Saturday, May 28, 2011


Thursday, on day seven, climbing up through Ochoco National Forest, I finally felt like I was in a groove.  Lighter traffic allowed me to lose myself in my thoughts, appreciate the unfamiliar yet inviting ponderosa forest that surrounded me, and even sing my favorite old songs loudly for my own amusement.

The day before I decided my ankle needed a break, and my sister Doreen sprung into action, calling a fellow Caldwell-Banker real estate agent in Prineville, were I sat moping, to see if there were any runners there who might host me for the night so I could heal. They suggested Norm Smith, who owned Xtreme Fitness Center with his wife Alicia.  Norm has completed many Ironman competitions and happens to as nice as he is inspiring.

Within minutes, Doreen called Norm and Norm called me and I had an invitation to relax at the fitness center during the day and an spend the night with Norm and Alicia. Thank you, Norm and Alicia! So I had a half day of rest, ice, and ibuprofen for my ankle, and I felt ready to test it out the next day.  Norm leaves for work at 3am, so I could get an early start and have lots of time to cover the 40 miles to my next lodging.

I intended to walk the whole day, and beyond if needed, until my ankle proved to be up for running again. I would stop midway to camp if my ankle pain returned; I had enough food and beverage for two days if necessary.

Before setting out, we weighed me--good news, no change in weight--and my stroller--yikes, 60 pounds!  I am convinced that I injured my leg on the full day of descending Mt. Hood, and my heavy stroller surely compounded the problem, adding to the strain on my legs and altering my stride.  I should say that the stroller is strikingly easy to push with 40 pounds of cargo.  I couldn't be more happy with it.  Yet, I underappreciated--foolishly, since I know better--the strain of all this downhill running so early in my trip.

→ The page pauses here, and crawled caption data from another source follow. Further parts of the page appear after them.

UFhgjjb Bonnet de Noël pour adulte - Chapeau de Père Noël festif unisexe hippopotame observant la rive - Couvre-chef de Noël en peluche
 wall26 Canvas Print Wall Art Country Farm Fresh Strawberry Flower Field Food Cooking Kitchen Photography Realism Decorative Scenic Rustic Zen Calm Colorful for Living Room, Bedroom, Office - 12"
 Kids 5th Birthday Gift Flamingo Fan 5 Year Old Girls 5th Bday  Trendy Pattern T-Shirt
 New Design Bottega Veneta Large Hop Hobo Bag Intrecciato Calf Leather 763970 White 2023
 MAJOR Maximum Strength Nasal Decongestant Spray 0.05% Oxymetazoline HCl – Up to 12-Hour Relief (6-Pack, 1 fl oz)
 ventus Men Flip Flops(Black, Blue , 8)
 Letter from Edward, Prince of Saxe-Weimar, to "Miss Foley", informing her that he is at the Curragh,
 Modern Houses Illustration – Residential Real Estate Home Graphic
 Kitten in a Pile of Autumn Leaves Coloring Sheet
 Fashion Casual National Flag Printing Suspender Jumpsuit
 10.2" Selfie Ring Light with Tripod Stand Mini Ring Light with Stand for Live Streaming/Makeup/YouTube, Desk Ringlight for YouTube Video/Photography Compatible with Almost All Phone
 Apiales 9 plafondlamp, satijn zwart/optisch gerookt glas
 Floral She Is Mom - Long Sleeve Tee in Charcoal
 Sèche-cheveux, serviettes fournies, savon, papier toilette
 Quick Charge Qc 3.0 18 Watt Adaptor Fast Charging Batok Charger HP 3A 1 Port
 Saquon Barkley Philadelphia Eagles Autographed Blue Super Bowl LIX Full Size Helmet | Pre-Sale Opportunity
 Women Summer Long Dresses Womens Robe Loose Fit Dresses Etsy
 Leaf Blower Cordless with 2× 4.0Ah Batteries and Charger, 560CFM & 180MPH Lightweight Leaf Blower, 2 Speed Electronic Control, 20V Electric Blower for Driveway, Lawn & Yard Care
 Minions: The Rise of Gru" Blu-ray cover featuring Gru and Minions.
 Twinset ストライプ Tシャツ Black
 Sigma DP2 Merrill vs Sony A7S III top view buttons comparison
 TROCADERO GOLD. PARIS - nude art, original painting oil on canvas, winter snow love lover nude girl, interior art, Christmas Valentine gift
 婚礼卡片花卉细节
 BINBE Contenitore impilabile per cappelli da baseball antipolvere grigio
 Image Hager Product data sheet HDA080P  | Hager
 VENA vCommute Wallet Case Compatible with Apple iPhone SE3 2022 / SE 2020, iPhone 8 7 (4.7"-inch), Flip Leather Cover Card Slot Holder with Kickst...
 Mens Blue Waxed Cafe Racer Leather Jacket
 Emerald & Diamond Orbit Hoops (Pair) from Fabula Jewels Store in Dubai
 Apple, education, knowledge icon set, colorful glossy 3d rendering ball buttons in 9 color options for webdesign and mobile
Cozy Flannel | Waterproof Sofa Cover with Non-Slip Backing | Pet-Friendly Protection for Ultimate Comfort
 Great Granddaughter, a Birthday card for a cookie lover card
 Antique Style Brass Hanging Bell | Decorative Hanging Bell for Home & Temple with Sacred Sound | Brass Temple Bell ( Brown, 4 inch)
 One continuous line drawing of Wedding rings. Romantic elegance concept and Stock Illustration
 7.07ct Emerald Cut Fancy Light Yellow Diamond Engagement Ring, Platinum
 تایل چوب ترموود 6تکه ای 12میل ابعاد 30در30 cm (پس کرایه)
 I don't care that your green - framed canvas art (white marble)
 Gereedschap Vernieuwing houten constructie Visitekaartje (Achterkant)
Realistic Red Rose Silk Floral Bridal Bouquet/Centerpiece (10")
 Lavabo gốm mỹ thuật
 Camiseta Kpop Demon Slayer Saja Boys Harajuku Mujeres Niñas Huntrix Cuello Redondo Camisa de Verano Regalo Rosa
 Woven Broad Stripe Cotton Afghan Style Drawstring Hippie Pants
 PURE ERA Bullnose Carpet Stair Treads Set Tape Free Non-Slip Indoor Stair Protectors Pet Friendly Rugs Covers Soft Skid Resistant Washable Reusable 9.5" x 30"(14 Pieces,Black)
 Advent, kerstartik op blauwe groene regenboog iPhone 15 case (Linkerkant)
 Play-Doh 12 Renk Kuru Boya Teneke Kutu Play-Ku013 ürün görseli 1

Back to Thursday: the early start was glorious, and I was on top of the world with enthusiasm and optimism.  I had no pain while walking, and it was encouraging to realize that I could walk 40 miles per day if I needed to heal.

Unfortunately, thirty miles into my walk as I crested the pass and began a steep descent--the first of the day--my ankle developed significant pain.  It was windy and sleeting at the time, so I limped down from the pass as gently as I could, and the pain subsided as the road became less steep.  The pain returned as I climbed the mile-long steep gravel road to the bunkhouse.  Upon arrival I iced immediately, but I had already done too much damage.

I woke up Friday morning at 5 without improvement in the pain or swelling, so I went back to sleep and slept to 8--much needed catchup. I spent the rest of the day Friday resting, icing, and elevating my leg. I also took regular ibuprofen--6 tablets per day.  Even these things did not significantly reduce the pain or inflammation.  It is very hard for me not to make progress for home, but I understand, thanks to many of you, that I need to recover before traveling on.

This lodging was provided to me by a son Nick of Joan and Nick's from Portland.  Nick maintains this "bunkhouse" for teams of scientists doing fieldwork  in the area.  Living here at this time are Julie and Donovan, who are studying the movement patterns of beavers in this challenging high-desert environment.  Nick has generously welcomed me to stay on here to recover, and I really don't think I have a choice to move on yet.  My next lodging, also provided by Nick, is another bunkhouse 46 miles away.  While that normally would be a perfect day's travel distance, I expect I will want to camp along the way so I don't overtax my ankle before it is strong. I'm very grateful to Nick for these places to stay.  There is no cell coverage in the area, so it is nice that I have access to a phone so I can talk with my family.  Also, the view, as you can see in this picture, is stunning.  What a beautiful area!  Nick has also given me much-needed route information for my next several days of travel through areas with no services.  Thank you, Nick!

So, it has been a time of paradoxes.  On the day when I first had confidence and enthusiasm that I will make it home, I disable myself and cast new uncertainty on the trip.  Secondly, though I worked hard to pack light, preparing for the many contingencies resulted in a heavy stroller, which ultimately decreased, not increased, my chances of succeeding.  Both of these were predictable, and hopefully they will be two small lessons among many at the beginning of a long adventure.

Thank you everyone for your support in all of the many ways!



Joe K. Shoenfeld said...

Hi Glenn -- I'm looking at this week's Shelburne Falls & West County Independent with a nice front page article "Solo Mission" and a picture of you on the iron bridge... sorry to hear about that ankle but it sounds like you're doing the right things. Love the blog!
--Joe Shoenfeld

2LogR said...

Nicely written. In fact, I now hope for more rest days as they allow you the time to share your thoughts and insights with the rest of us. Rest, Recover, Return.

Anonymous said...

Keep your chin up and stay positive. Hope to hear that you are back on the road soon!!!